As a concept, hybrid laptop-turn-tablet devices are not new, but suddenly every major manufacturer is in on the act. Samsung (Ativ Smart PC and Smart PC Pro), Sony (Duo 11), Asus (Vivo Tab and Vivo Tab RT), Lenovo (IdeaTab S2110), Acer (W510 and W700), Dell (XPS Due 12 and 10), Toshiba (Satellite 925t) and HP (Envy x2 - pictured) are just some of the heavyweights seemingly keen to do themselves out of two sales for the price of one and they are doing a fine job of convincing us.

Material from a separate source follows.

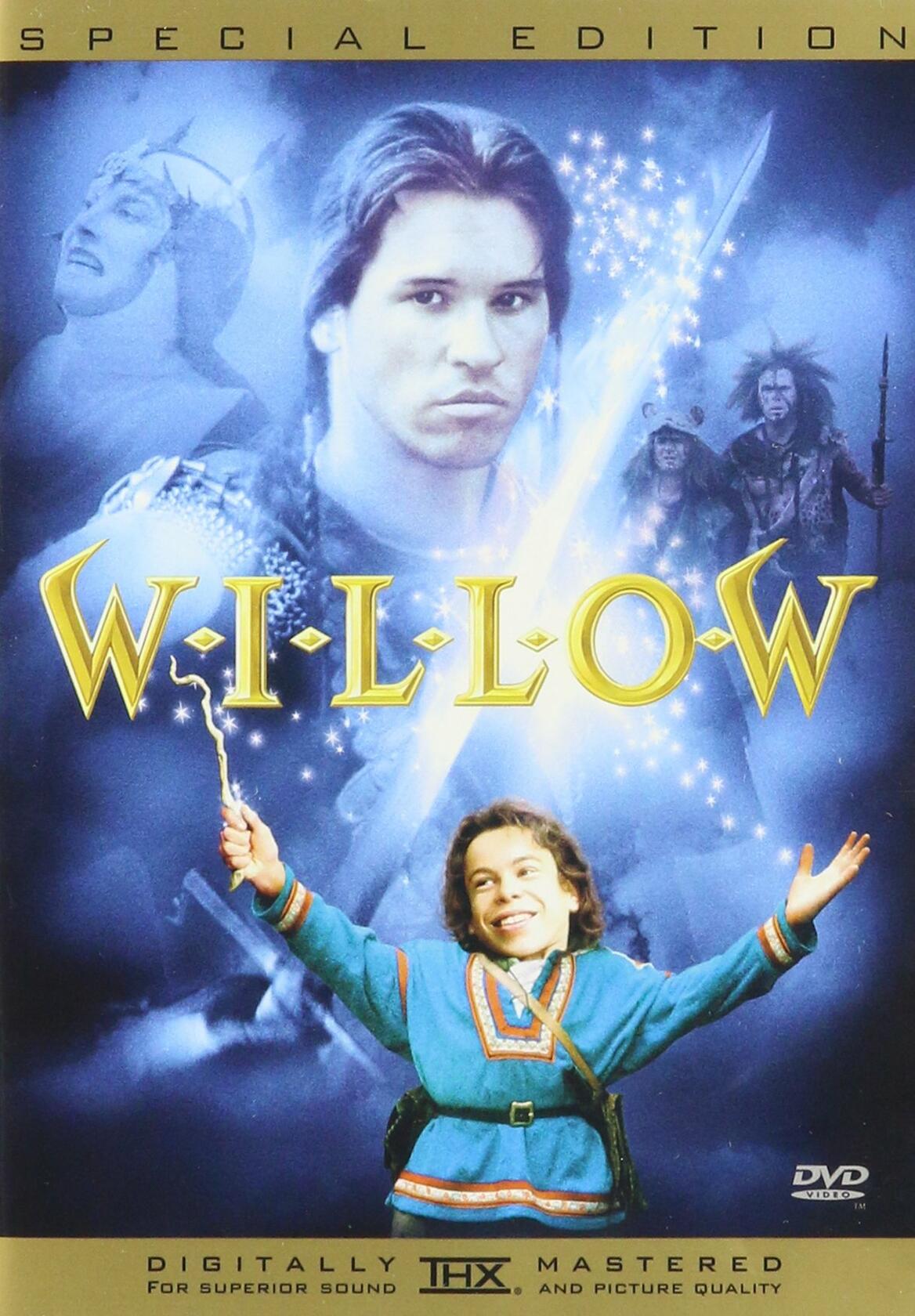 Willow [Import] [DVD] - Very Good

Ed wrote earlier this week that he had been converted by the Asus Transformer Pad Infinity because of its high resolution screen, switchable tablet/laptop form factor and super long battery life (especially when docked) and all these models make the same breakthroughs. Furthermore IFA's newbies come with a key differentiator: Windows 8.
The Microsoft Effect
For make no mistake about it, Microsoft is the key driving force behind this influx of hybrids. Windows 8 has long been the company's 'catch-up' platform, the one to heal the scarring between its smartphones and PCs. Furthermore in unifying its core user interfaces, and declaring that apps between Windows 8 and Windows Phone 8 will be 95 per cent compatible, Microsoft has actually jumped far ahead of the integration offered by Google's Android and Chrome OS and even Apple's evolving Mac OS X Mountain Lion and iOS.

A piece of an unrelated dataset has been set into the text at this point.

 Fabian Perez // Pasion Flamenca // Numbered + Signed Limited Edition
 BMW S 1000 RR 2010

Furthermore, Microsoft wasn't prepared to let companies come up with their own hardware, it is now locking down minimum specifications and with its own Microsoft Surface tablet (above) it has produced its own cutting edge hybrid to not only compete with partners, but give them a template on how it should be done. Microsoft wants to tell the world: you need a laptop and you want a tablet, but following the October 26th Windows 8 release date we will give you the best of both worlds in a single purchase… beat that Apple.